Most days she comes home from school with a flushed pink face from the heat, her glasses slightly askew, her bright blue eyes shining and even most of the time with a grin showing off her huge front tooth that has recently emerged right in the center of her smile.
But when we ask what she did at recess she tells us that she sits on a bench all by herself.
And when we ask who she sits by at lunch she mumbles that she doesn’t know their names.
And Dave and I, the worriers of all worriers are the ones who wilt.
I know we are extra sensitive.
We know she is different. In our minds, she’s the best kind of different in the world.
But to first graders I’m not sure that kind of different really cuts it.
Lately I’ve overheard some of them say a couple really hurtful things that have been daggers in my heart. Things that have stayed with me and made me droop for days and weeks. Things I thought Lucy would just brush off and not think about again, but things that she has brought up later in tears. I really don’t think those kids are trying to be mean, just making first-grader types of observations. I just didn’t think that sort of thing would happen for a while.
I just thought we had more time.
When she missed the bus the other day I dropped her off at school. At first she held her head high. She waved at one girl she knew and said hello with a big smile. I’m biased but I think she is such a nice, friendly girl. But as she walked closer and closer to the school her head started hanging low and her shoulders drooped. There were no little girls running up to ask her to play as I’ve watched with all my other kids. There was no one to care she was even there. I wanted to run to her and hug her and yell to everyone on the playground, “Do you guys realize how amazing this girl is!?! Have you noticed her beautiful blue eyes and her long, curly eyelashes? Have you noticed what an artist she is? Have you noticed that she’s kind and good and will share any toy or game with you? Do you know that she can read chapter books?”
Instead I sat and let tears roll down my cheeks in the car.
That night I took her cheeks in the palms of my hands and kissed one, then the other over and over as her eyes got more and more sparkly right there so close to mine, and I could see that big front tooth peeking out.

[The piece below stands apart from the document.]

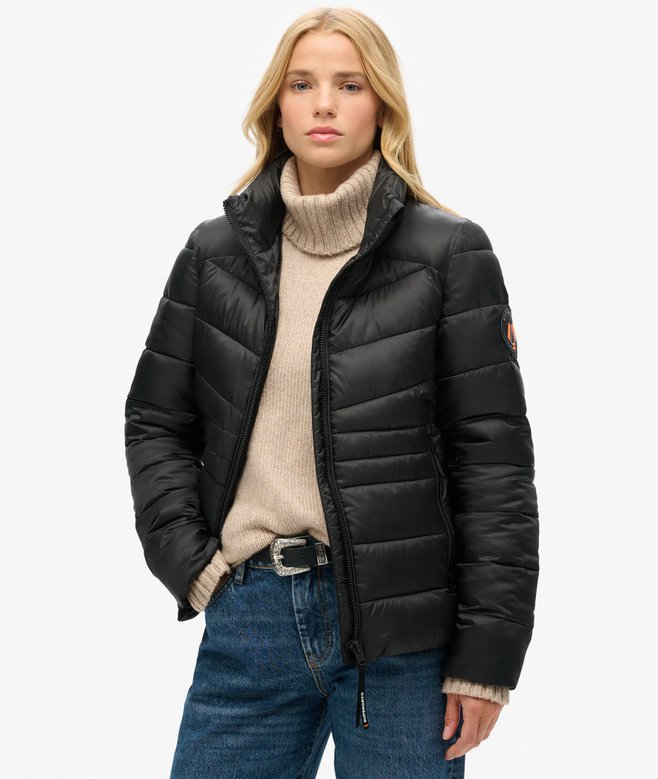 superdry Chaqueta acolchada Fuji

I don’t think I could have loved her more if I tried.
I know Lu is just fine. She is confident and it seems like every time I quietly worry about her one of her siblings swoops in to do what they do: help her with something, make up a dance with her, jump on the trampoline with her.
And I am reminded once again that no matter what happens at school she has the four best cheerleaders she could ever ask for right here at home.
For that I am forever grateful.
But it has made me stop and talk to my older children a little more carefully and a little more often about looking out for kids who may need a little extra love at school. We’ve talked to Lucy about looking out for kids who need her too.
Because they are there, whether they are really visible or not. There are all kinds of kids who just need someone to say hi with a smile. Or to invite them to join in a game at recess. Or to just make a nice observation. Some little thing like that could make all the difference.
All this worrying business has also made me incredibly grateful for the few and far between birthday invitations Lucy has received and for those kids who are just unconditionally nice.
How I hope they will stick with her and make her shine.